Nell’Inter giocò sei stagioni con 216 partite e trenta gol, arrivando alla semifinale di Coppa dei Campioni nell’81 e vincendo la Coppa Italia l’anno successivo. Fece innamorare tutti i tifosi nerazzurri grazie alle sue giocate impossibili. Era uno con il dribbling nel sangue, tanto che Gianni Brera gli diede il soprannome di “Dribblossi”. Tutto questo a discapito della continuità, che probabilmente gli costò il posto nella vittoriosa spedizione spagnola al Mundial ’82. Ma per i tifosi interisti il posto da titolare ce l’ha ancora oggi, con quel sinistro.
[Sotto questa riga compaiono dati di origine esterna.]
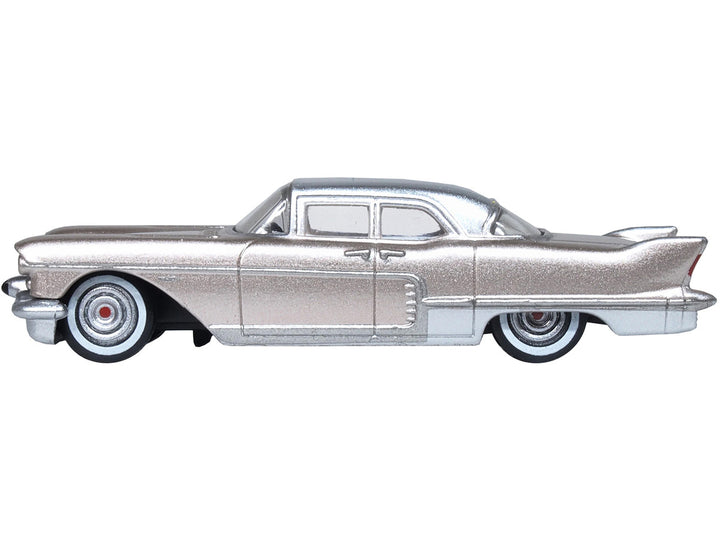 1957 Cadillac Eldorado Brougham Sandalwood Beige Metallic with Silver Top 1/87 (HO) Scale Diecast Model Car by Oxford Diecast-1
E probabilmente, nel calcio fisico di oggi, manca a tutti un talento puro alla Beccalossi.
Evaristo con una doppietta di destro, lui che era mancino, fece esplodere San Siro e pose le basi per il 12esimo Scudetto interista. Un campionato vinto da protagonista con sette reti, secondo miglior marcatore dietro ad Altobelli. Ma quel famoso derby sancì anche la nascita di un tormentone. La leggenda narra che il “Becca” a fine partita andò da Albertosi, portiere del Milan, e gli disse: “Mi chiamo Evaristo, scusate se insisto”. “Vecchia storia, carina, mi ci diverto anche io a ripetere quella frase, ogni tanto – racconta lui. – Solo che non l’ho mai detta ad Albertosi a fine partita. È stato qualche mio compagno di squadra, poi però me l’hanno attribuita e a questo punto me la tengo”.
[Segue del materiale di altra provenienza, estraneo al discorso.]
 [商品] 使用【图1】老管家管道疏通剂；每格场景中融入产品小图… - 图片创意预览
C’erano pioggia e fango e si riusciva a stare a malapena in piedi, non il terreno migliore per uno come lui. E l’Inter non vinceva un Derby da cinque anni. Ma fu proprio quella stracittadina del 28 ottobre del ’79 a fare entrare nei cuori dei tifosi Evaristo Beccalossi, uno dei talenti più cristallini della storia interista. Uno alla Mariolino Corso, per i più anziani; uno alla Alvaro Recoba, per i più giovani.